Ценой неимоверных усилий Марк Фурий натаскал шпильки отвечать на несметные полчища вопросов в соответствии со сложно выписанной системой: шпильки во всей своей целокупности описывали количество инфантерии, кавалерии и воздушных левитациев[28] на каждой из воюющих сторон; расположение этих соединений на поле битвы; их маневры; какие жертвы принесли стороны перед сражением (крупный рогатый скот, мелкий рогатый скот и домашняя птица) и каким богам; каков был настрой каждого полководца – смиренный или же горделивый. Затем Марк Фурий прочесал мировую историю и загрузил в машину сказания прошлого: греко-персидскую войну; падение Трои; самнитские войны; наступление Ганнибала[29] с Альп, когда его боевые машины плевались огнем со склонов над Тразименским озером; вероломство Фабия-диктатора[30]; катастрофическую оплошность консула Варрона[31]. Марк Фурий скормил машине историю Полибия, Геродота и Фукидида[32]. Нанеся информацию на каждую новую табличку, он аккуратно штабелировал ее поверх остальных.
Красс, прослышав, что Марк Фурий частенько работает ночь напролет, словно и впрямь одержимый фуриями, предложил ему взять себе в помощь местное юношество, чтобы работу по обучению машины можно было завершить поскорее. Основное требование Красса заключалось в том, чтобы отроки жили прямо в мастерской и принесли обет у алтаря Минервы, что ни единой живой душе не расскажут о механическом оракуле и станут хранить ему, Крассу, исключительную верность.
– Будет у нас коллегия весталок, непорочных и отрезанных от мира, – пояснил он. – Только в мужеска пола.
– И правда, – согласился Марк Фурий, – собрание чистых отроков, никогда не видящих дневного света, – самое то что надо для управления счетной машиной подобного рода.
Тут же избрали и наняли семерых юнцов. Их облачили в белые хламиды и обувь из мягкой кожи жертвенных животных. Так была основана неприкосновенная секта Девства Минервы.

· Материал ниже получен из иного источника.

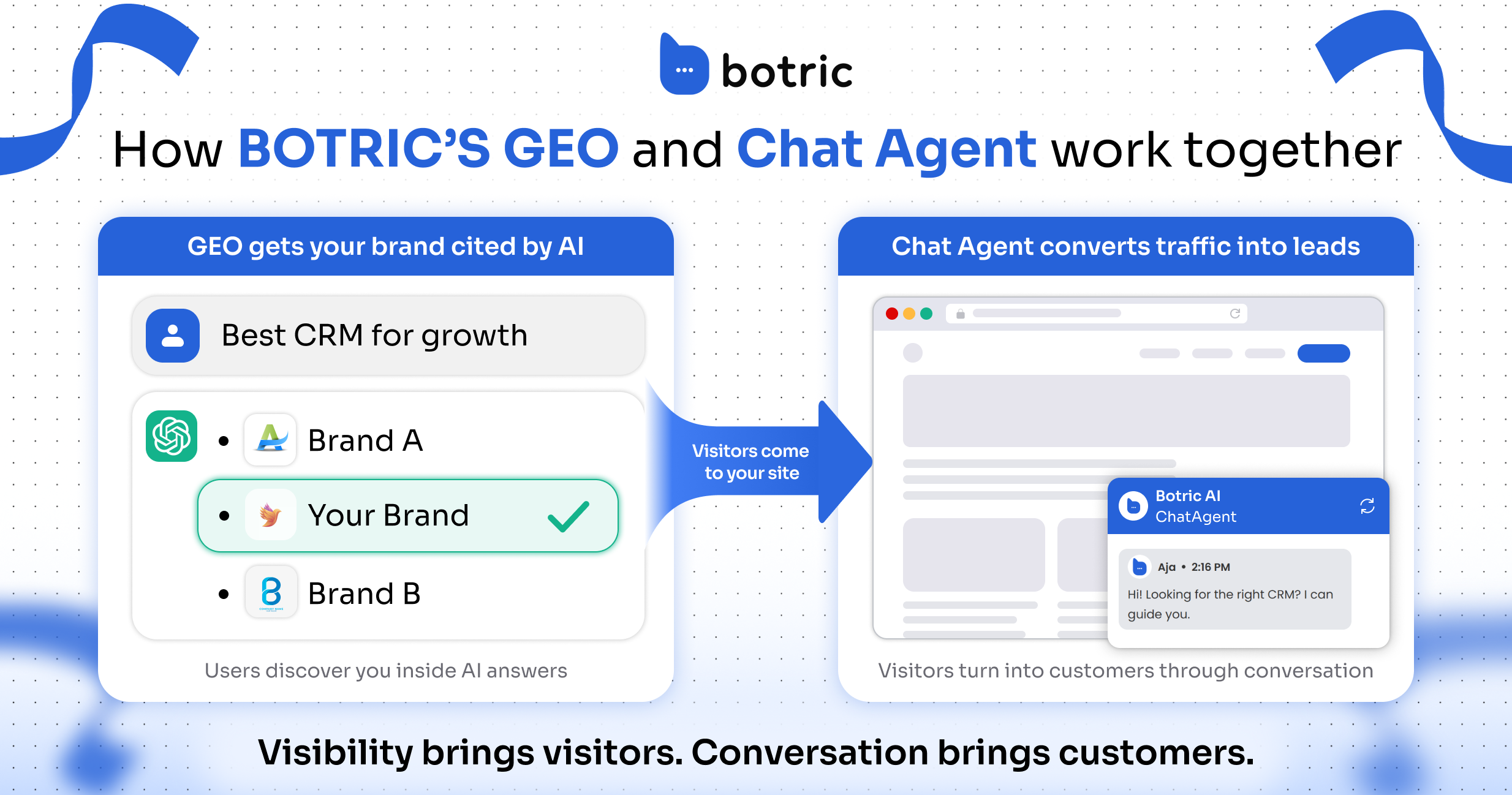BotricAI - SEO for the AI Search Era gallery image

Пока машину собирали и отлаживали, Красс, не теряя времени, укреплял защиту римских границ. Далеко на парфянские территории он не заходил (ожидая, когда закончат оракул и можно будет заручиться наилучшей из всех возможных тактик), а развлекался небольшими вылазками в местные города, заставляя их принести присягу Риму. Никто ему особенно не сопротивлялся – за исключением разве что Зенодотия, но и его Крассовы легионы живо поставили на колени.
Эти ранние победы доставили Крассу немало удовольствия, но тут с вестями из Рима прибыл его сын, Публий: военные успехи Цезаря в Галлии уже спешным порядком заносили на скрижали истории, а Помпей Великий обрел такую народную любовь, что сенат уже начал беспокоиться. Ауспиции тем временем снова обратились против Красса, предсказывая ему разгром и крушение всех планов: когда в сенате начали обсуждать его экспедицию, лошади взбесились, флаги попадали, а священные совы ни с того ни с сего принялись потеть.
Прослышав об этом, Красс кинулся в мастерскую и потребовал, чтобы Марк Фурий тут же, на месте, ему сообщил, когда эта проклятая машина уже заработает. Она нужна ему для выяснения жизненно важной информации – и чем скорее, тем лучше. Прошел слух, будто парфянский царь разделил свою армию надвое и теперь обе половины шастают по равнинам, ожидая, какие маневры предпримут римляне. Следует ли ему, Крассу, напасть на одну половину или же на другую? Или проскользнуть мимо обеих и напасть на город Ктесифон, а может быть, осадить Селевкию? Или предать огню и мечу древний Вавилон?
– Ты бы лучше не торопил нас, консул, – сказал ему на это Марк Фурий. – Ибо чем большему мы научим машину, тем точнее она станет работать.